По любви, а также потому, что с ранних лет знал — жениться на еврейке ему не хочется, он выбрал в жены дочь священника. Люси тоже мечтала выйти замуж вопреки устоям семьи. (Это были ее слова. «Вопреки нашим устоям», — говорила она. Такой подход его будоражил.) В двенадцать лет она почувствовала свою принадлежность к народу Книги. («Иудейка», — говорила она. Сердце его трепетало, его трясло от восторга.) Однажды вечером ее отец читал с кафедры псалом, и она вдруг почувствовала, что Псалмопевец говорит о ней, тогда-то она и стала иудейкой древних времен.
У нее были огромные глаза, такие сияющие, что это даже обескураживало, взгляд был пристальный, но ни на чем долго не останавливался, волосы медно-рыжие и манера серьезно и застенчиво резать правду-матку.
Они были людьми робкими и редко устраивали приемы.

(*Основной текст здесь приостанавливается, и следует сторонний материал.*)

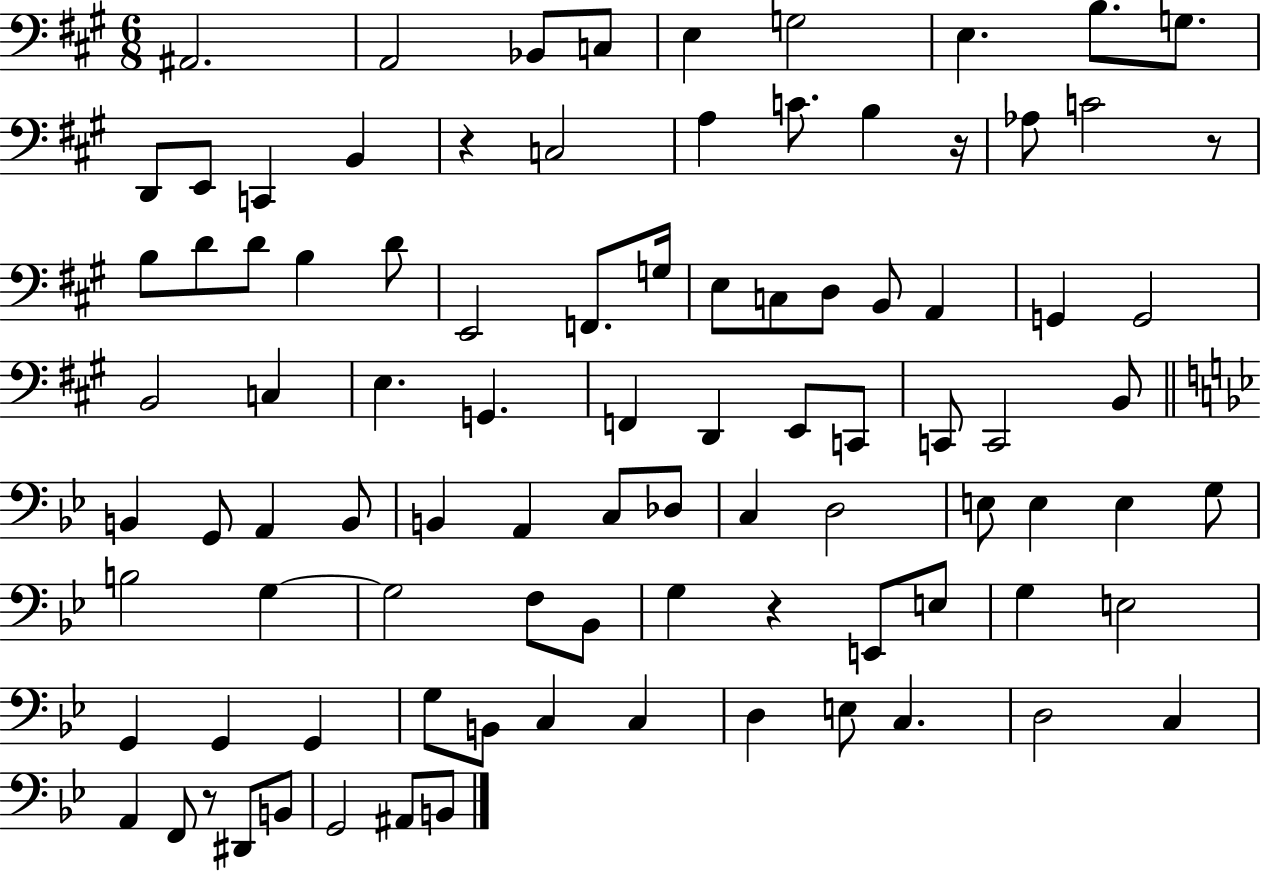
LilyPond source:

{
  \clef bass
  \numericTimeSignature
  \time 6/8
  \key a \major
  ais,2. | a,2 bes,8 c8 | e4 g2 | e4. b8. g8. | \break d,8 e,8 c,4 b,4 | r4 c2 | a4 c'8. b4 r16 | aes8 c'2 r8 | \break b8 d'8 d'8 b4 d'8 | e,2 f,8. g16 | e8 c8 d8 b,8 a,4 | g,4 g,2 | \break b,2 c4 | e4. g,4. | f,4 d,4 e,8 c,8 | c,8 c,2 b,8 | \break \bar "||" \break \key bes \major b,4 g,8 a,4 b,8 | b,4 a,4 c8 des8 | c4 d2 | e8 e4 e4 g8 | \break b2 g4~~ | g2 f8 bes,8 | g4 r4 e,8 e8 | g4 e2 | \break g,4 g,4 g,4 | g8 b,8 c4 c4 | d4 e8 c4. | d2 c4 | \break a,4 f,8 r8 dis,8 b,8 | g,2 ais,8 b,8 | \bar "|."
} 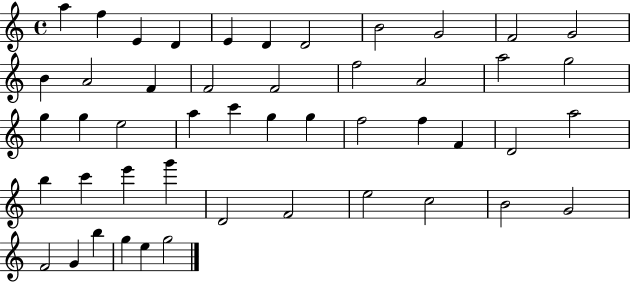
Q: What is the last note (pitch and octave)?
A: G5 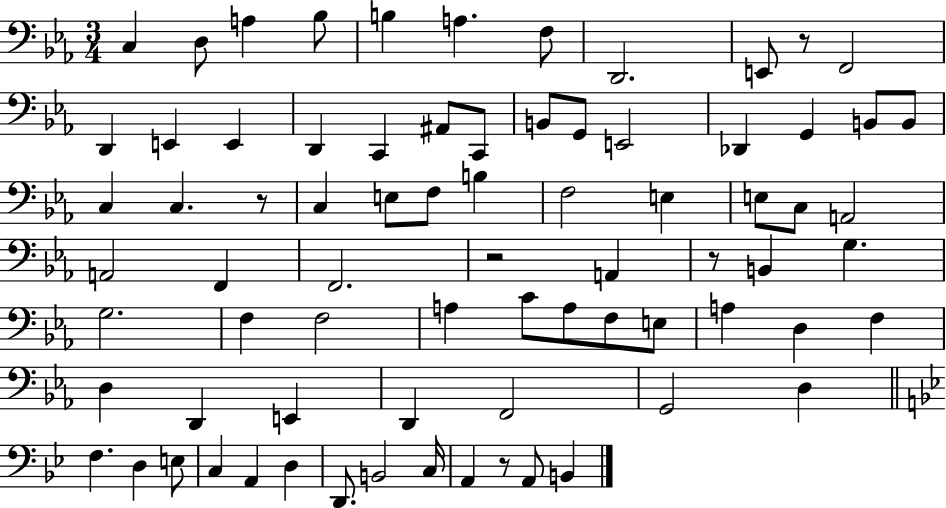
C3/q D3/e A3/q Bb3/e B3/q A3/q. F3/e D2/h. E2/e R/e F2/h D2/q E2/q E2/q D2/q C2/q A#2/e C2/e B2/e G2/e E2/h Db2/q G2/q B2/e B2/e C3/q C3/q. R/e C3/q E3/e F3/e B3/q F3/h E3/q E3/e C3/e A2/h A2/h F2/q F2/h. R/h A2/q R/e B2/q G3/q. G3/h. F3/q F3/h A3/q C4/e A3/e F3/e E3/e A3/q D3/q F3/q D3/q D2/q E2/q D2/q F2/h G2/h D3/q F3/q. D3/q E3/e C3/q A2/q D3/q D2/e. B2/h C3/s A2/q R/e A2/e B2/q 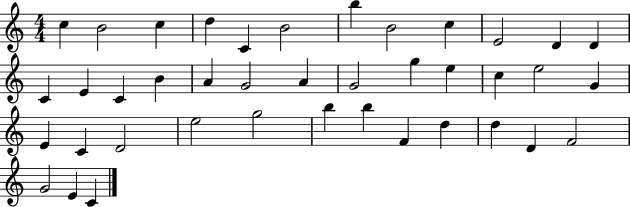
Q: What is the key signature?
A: C major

Оба опубликовали по роману. Ее был о семейной жизни, он писал о евреях.
Бурные дискуссии о судьбах романа прошли мимо них. Вечерами, когда дети уже были уложены, и настольная посудомоечная машина урчала, испуская запах горелого машинного масла, они садились — она за свой стол, он за свой — и начинали писать. Писали они не без труда, предаваясь раздумьям, и в то же время естественно — как птицы поют. Они исповедовали точность, психологический реализм и искренность, верили в добродетель и даже в разум. Их не волновала судьба романа, заявления о гибели героя и сюжета. Они оставались безмятежны. Порой, закрывая на ночь тетради, они казались себе друзьями и возлюбленными в литературе — как Джордж Элиот и Джордж Генри Льюис[1].
В постели они радовались своей производительности и с сомнением обсуждали теорию.
— На этой неделе семь страниц пока что.
— А у меня девять с половиной, но четыре пришлось вычеркнуть. Сюжет пошел не туда.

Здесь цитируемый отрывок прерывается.